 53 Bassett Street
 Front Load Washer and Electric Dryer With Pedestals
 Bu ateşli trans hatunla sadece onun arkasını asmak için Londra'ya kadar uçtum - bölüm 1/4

Task brief: All of the data above must be retyped exactly.

Solution below:
 53 Bassett Street
 Front Load Washer and Electric Dryer With Pedestals
 Bu ateşli trans hatunla sadece onun arkasını asmak için Londra'ya kadar uçtum - bölüm 1/4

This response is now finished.